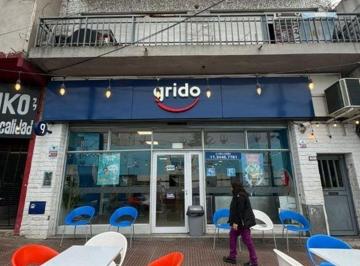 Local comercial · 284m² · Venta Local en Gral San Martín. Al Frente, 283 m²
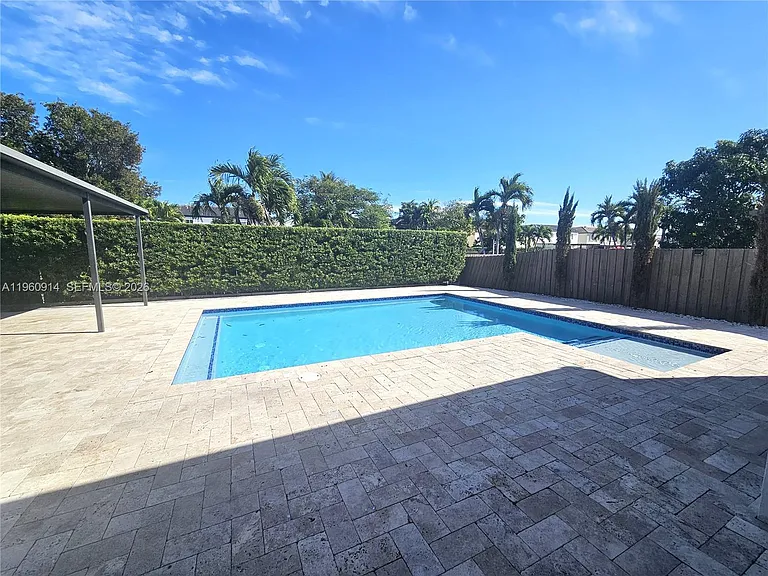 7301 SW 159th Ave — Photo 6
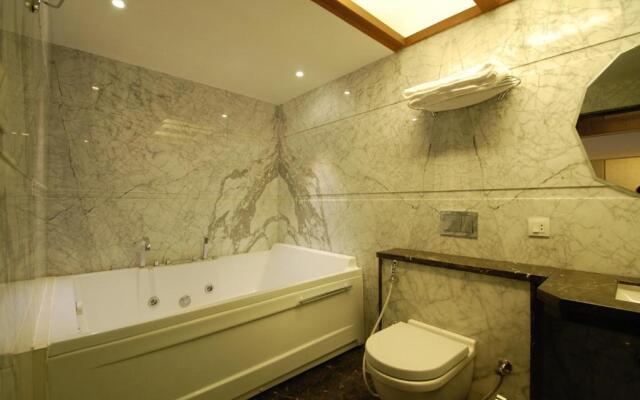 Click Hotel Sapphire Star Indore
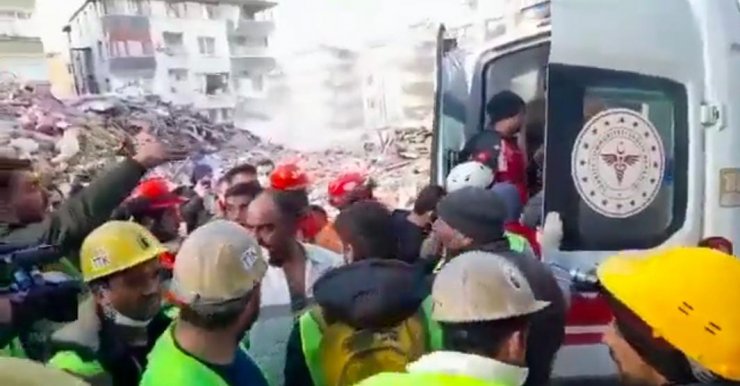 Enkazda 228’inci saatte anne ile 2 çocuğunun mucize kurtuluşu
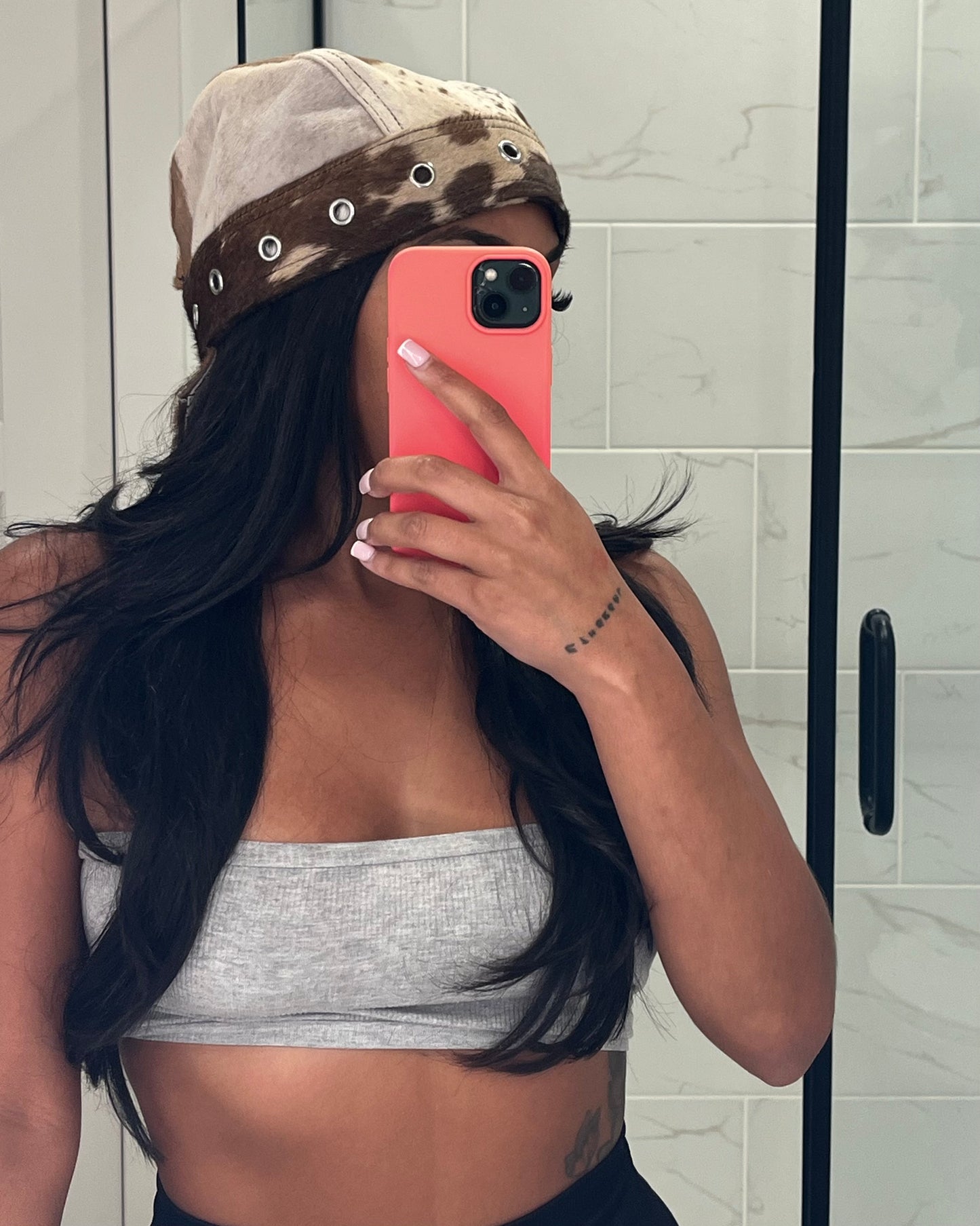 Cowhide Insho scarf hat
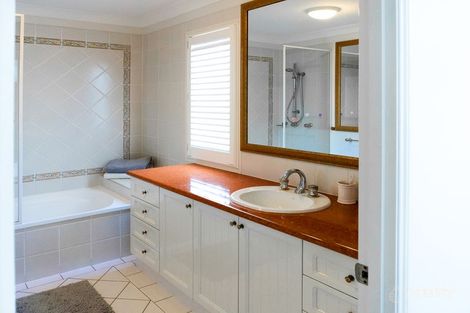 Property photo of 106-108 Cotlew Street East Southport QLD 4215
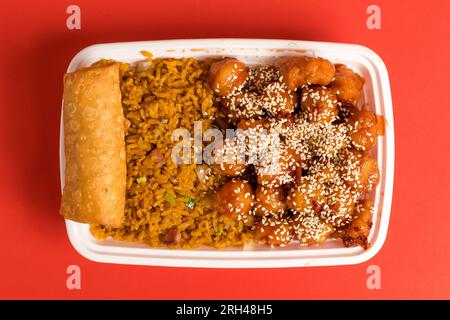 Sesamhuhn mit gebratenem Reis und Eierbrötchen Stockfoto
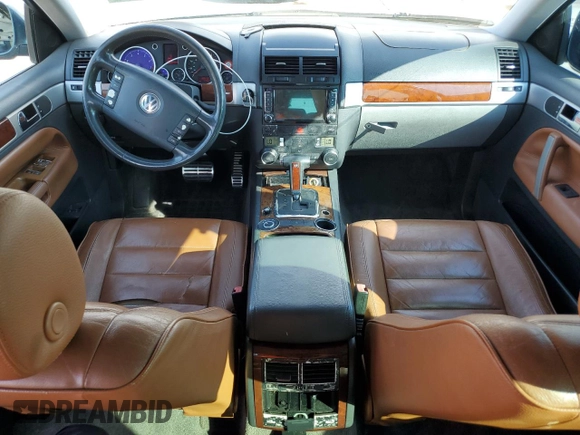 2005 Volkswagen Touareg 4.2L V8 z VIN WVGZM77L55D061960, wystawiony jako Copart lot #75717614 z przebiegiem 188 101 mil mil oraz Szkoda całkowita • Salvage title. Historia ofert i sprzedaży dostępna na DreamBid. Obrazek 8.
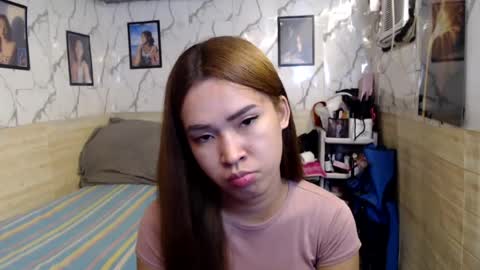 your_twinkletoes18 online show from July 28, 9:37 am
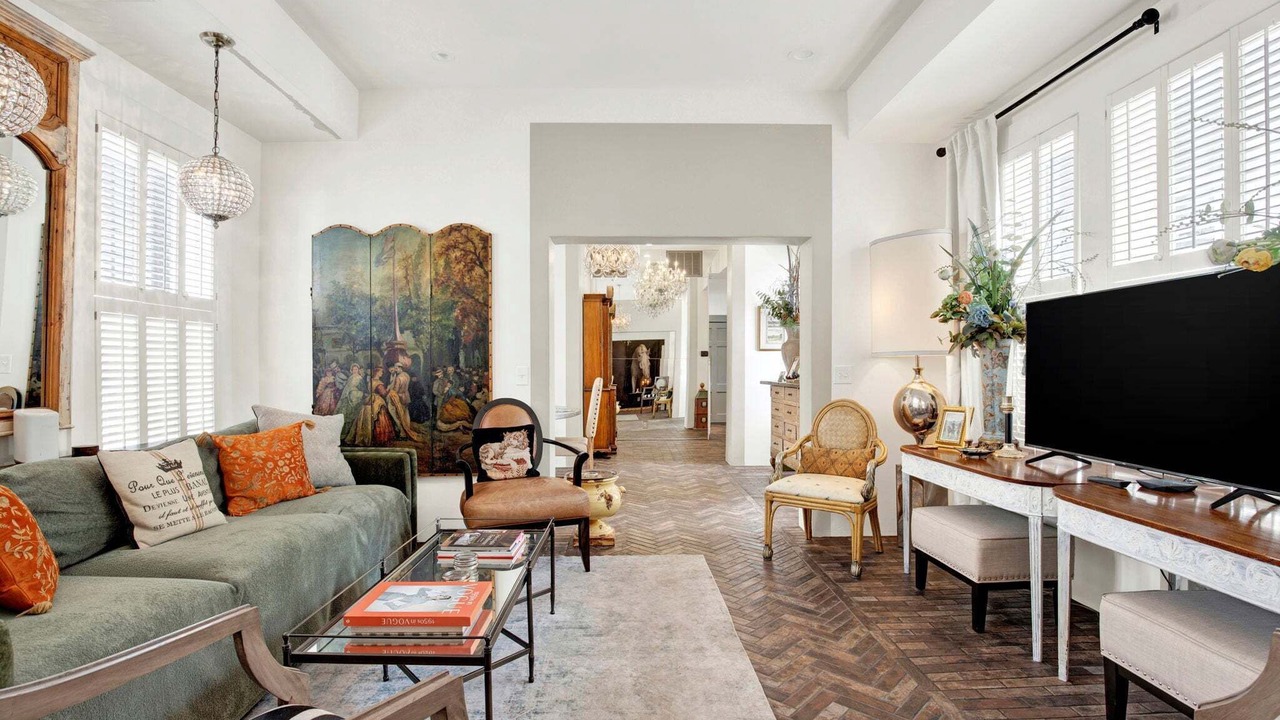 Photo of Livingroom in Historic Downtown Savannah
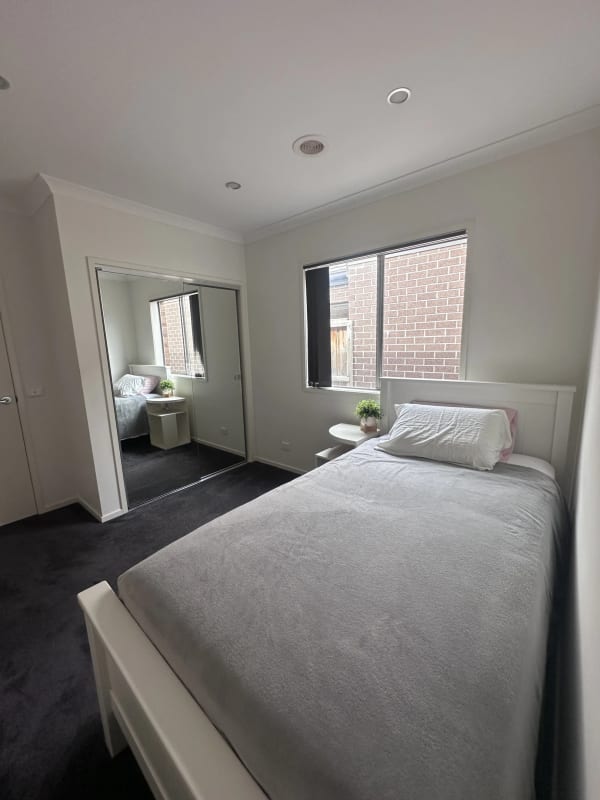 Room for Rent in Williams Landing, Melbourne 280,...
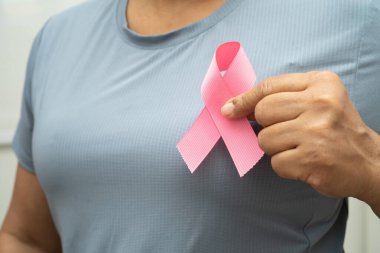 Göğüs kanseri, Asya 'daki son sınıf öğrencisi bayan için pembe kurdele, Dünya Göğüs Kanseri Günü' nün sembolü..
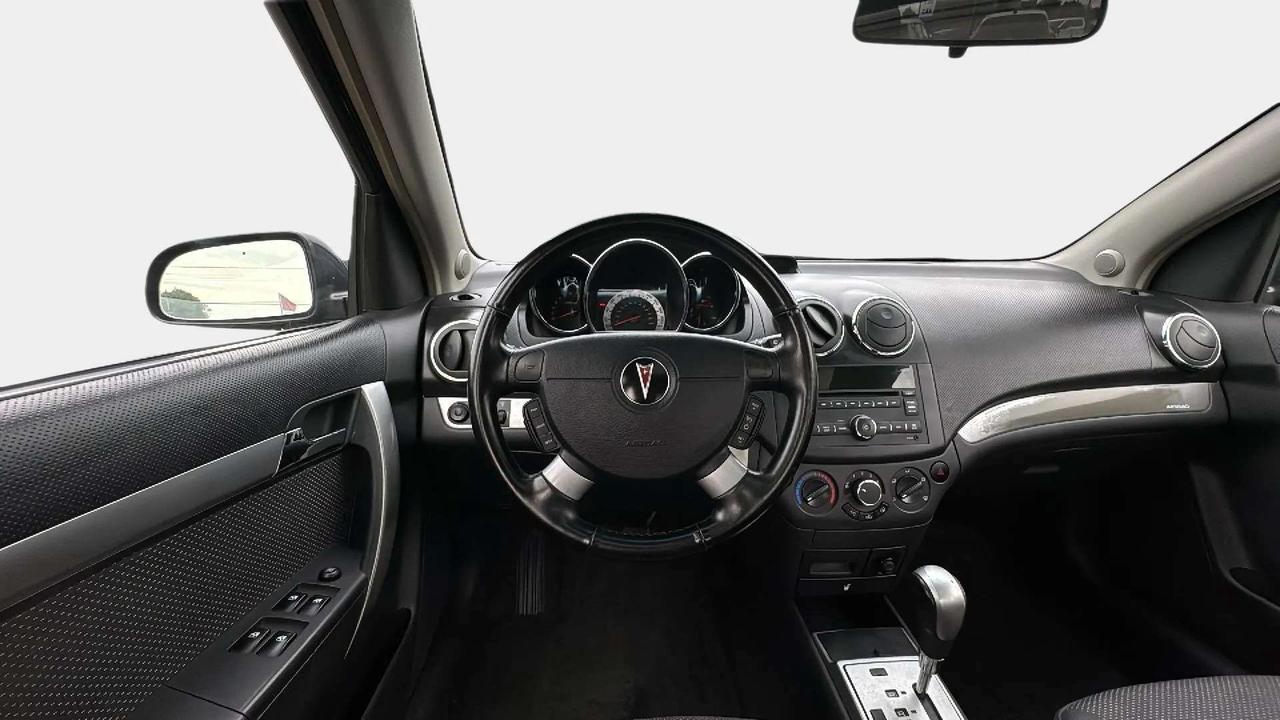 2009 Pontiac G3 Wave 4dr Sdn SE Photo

--------

◆ **PROBLEM DESCRIPTION**: Output the listing exactly, pictures excluded.

◆ **EXERCISE SOLUTION**:
 Local comercial · 284m² · Venta Local en Gral San Martín. Al Frente, 283 m²
 7301 SW 159th Ave — Photo 6
 Click Hotel Sapphire Star Indore
 Enkazda 228’inci saatte anne ile 2 çocuğunun mucize kurtuluşu
 Cowhide Insho scarf hat
 Property photo of 106-108 Cotlew Street East Southport QLD 4215
 Sesamhuhn mit gebratenem Reis und Eierbrötchen Stockfoto
 2005 Volkswagen Touareg 4.2L V8 z VIN WVGZM77L55D061960, wystawiony jako Copart lot #75717614 z przebiegiem 188 101 mil mil oraz Szkoda całkowita • Salvage title. Historia ofert i sprzedaży dostępna na DreamBid. Obrazek 8.
 your_twinkletoes18 online show from July 28, 9:37 am
 Photo of Livingroom in Historic Downtown Savannah
 Room for Rent in Williams Landing, Melbourne 280,...
 Göğüs kanseri, Asya 'daki son sınıf öğrencisi bayan için pembe kurdele, Dünya Göğüs Kanseri Günü' nün sembolü..
 2009 Pontiac G3 Wave 4dr Sdn SE Photo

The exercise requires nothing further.